- Task instructions -
For the listing below, output exactly the lines from the line with "Youghal Villa |" up to and including the line with "2815 Willow Ln — Photo 15", and no other lines.

*** Input records ***

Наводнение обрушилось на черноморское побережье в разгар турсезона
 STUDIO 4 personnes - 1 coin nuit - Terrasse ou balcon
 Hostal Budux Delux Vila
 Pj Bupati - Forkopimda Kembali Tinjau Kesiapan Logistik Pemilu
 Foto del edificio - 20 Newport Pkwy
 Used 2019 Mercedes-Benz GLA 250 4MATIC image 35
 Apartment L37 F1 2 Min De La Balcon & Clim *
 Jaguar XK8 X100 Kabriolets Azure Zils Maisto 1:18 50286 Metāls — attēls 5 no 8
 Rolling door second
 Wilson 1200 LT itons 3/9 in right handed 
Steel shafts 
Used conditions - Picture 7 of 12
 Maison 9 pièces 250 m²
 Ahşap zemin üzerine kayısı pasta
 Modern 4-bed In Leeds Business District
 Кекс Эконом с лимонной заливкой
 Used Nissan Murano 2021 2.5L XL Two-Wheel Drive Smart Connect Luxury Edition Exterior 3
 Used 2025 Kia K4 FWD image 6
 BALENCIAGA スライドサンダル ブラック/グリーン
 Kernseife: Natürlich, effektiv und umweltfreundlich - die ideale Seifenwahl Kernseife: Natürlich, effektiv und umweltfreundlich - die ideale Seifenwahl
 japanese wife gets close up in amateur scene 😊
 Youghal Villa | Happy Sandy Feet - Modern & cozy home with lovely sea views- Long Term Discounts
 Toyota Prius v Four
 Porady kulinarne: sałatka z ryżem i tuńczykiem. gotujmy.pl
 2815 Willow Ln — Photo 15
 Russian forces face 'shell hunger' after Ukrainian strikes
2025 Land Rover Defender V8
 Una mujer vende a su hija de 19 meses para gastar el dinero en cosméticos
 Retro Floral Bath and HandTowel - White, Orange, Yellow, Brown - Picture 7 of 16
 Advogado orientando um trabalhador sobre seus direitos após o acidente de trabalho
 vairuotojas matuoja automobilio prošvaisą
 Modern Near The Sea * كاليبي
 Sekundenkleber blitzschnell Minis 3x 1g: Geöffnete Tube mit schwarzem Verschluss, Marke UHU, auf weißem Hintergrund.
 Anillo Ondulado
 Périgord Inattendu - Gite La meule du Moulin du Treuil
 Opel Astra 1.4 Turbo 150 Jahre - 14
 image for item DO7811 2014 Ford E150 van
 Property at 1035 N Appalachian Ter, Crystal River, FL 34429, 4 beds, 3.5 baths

*** End of Input records ***

- Completed task -
 Youghal Villa | Happy Sandy Feet - Modern & cozy home with lovely sea views- Long Term Discounts
 Toyota Prius v Four
 Porady kulinarne: sałatka z ryżem i tuńczykiem. gotujmy.pl
 2815 Willow Ln — Photo 15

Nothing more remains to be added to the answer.